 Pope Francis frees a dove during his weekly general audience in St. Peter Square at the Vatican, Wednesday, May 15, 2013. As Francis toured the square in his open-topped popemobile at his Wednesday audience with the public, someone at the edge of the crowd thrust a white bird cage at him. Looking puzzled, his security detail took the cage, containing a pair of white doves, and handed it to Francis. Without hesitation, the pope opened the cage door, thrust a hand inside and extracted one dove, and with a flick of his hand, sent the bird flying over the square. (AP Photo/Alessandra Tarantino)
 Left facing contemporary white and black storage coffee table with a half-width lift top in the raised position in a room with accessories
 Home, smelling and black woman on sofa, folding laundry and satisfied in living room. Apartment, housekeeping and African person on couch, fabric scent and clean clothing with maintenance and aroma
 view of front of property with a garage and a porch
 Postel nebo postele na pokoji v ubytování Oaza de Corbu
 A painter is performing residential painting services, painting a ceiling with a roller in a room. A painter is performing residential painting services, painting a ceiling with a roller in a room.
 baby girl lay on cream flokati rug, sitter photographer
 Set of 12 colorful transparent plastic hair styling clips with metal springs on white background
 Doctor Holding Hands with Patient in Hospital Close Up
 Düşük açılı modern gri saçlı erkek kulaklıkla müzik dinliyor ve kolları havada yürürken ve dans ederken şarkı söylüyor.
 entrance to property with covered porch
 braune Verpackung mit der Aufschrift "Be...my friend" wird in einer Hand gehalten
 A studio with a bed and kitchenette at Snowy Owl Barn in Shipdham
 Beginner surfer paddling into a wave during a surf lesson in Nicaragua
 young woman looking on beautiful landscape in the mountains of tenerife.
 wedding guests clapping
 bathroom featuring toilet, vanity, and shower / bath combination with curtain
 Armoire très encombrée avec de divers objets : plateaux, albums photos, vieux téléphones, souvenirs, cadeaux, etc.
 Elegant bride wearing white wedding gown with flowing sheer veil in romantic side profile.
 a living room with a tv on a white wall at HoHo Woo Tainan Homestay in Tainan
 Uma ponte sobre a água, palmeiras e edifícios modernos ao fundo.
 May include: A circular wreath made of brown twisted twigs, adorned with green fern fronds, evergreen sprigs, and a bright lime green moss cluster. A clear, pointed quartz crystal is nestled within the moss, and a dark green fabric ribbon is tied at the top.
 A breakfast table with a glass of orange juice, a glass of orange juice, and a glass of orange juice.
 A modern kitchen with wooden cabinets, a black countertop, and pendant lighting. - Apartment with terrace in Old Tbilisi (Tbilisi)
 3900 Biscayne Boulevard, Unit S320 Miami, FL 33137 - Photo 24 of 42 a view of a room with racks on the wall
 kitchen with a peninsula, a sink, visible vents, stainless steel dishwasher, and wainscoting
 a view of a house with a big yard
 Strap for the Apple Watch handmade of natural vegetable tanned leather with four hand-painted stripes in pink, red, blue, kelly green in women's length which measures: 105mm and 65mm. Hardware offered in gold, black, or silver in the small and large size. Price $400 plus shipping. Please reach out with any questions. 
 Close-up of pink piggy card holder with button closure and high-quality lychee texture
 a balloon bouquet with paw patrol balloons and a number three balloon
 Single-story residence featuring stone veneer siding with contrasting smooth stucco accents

Task directions: From the entries above, write out only the lines starting at the line that holds "a living room" and ending at the line that holds "a view of a house with a big yard", keeping both and matching them exactly.

Solution for this task:
 a living room with a tv on a white wall at HoHo Woo Tainan Homestay in Tainan
 Uma ponte sobre a água, palmeiras e edifícios modernos ao fundo.
 May include: A circular wreath made of brown twisted twigs, adorned with green fern fronds, evergreen sprigs, and a bright lime green moss cluster. A clear, pointed quartz crystal is nestled within the moss, and a dark green fabric ribbon is tied at the top.
 A breakfast table with a glass of orange juice, a glass of orange juice, and a glass of orange juice.
 A modern kitchen with wooden cabinets, a black countertop, and pendant lighting. - Apartment with terrace in Old Tbilisi (Tbilisi)
 3900 Biscayne Boulevard, Unit S320 Miami, FL 33137 - Photo 24 of 42 a view of a room with racks on the wall
 kitchen with a peninsula, a sink, visible vents, stainless steel dishwasher, and wainscoting
 a view of a house with a big yard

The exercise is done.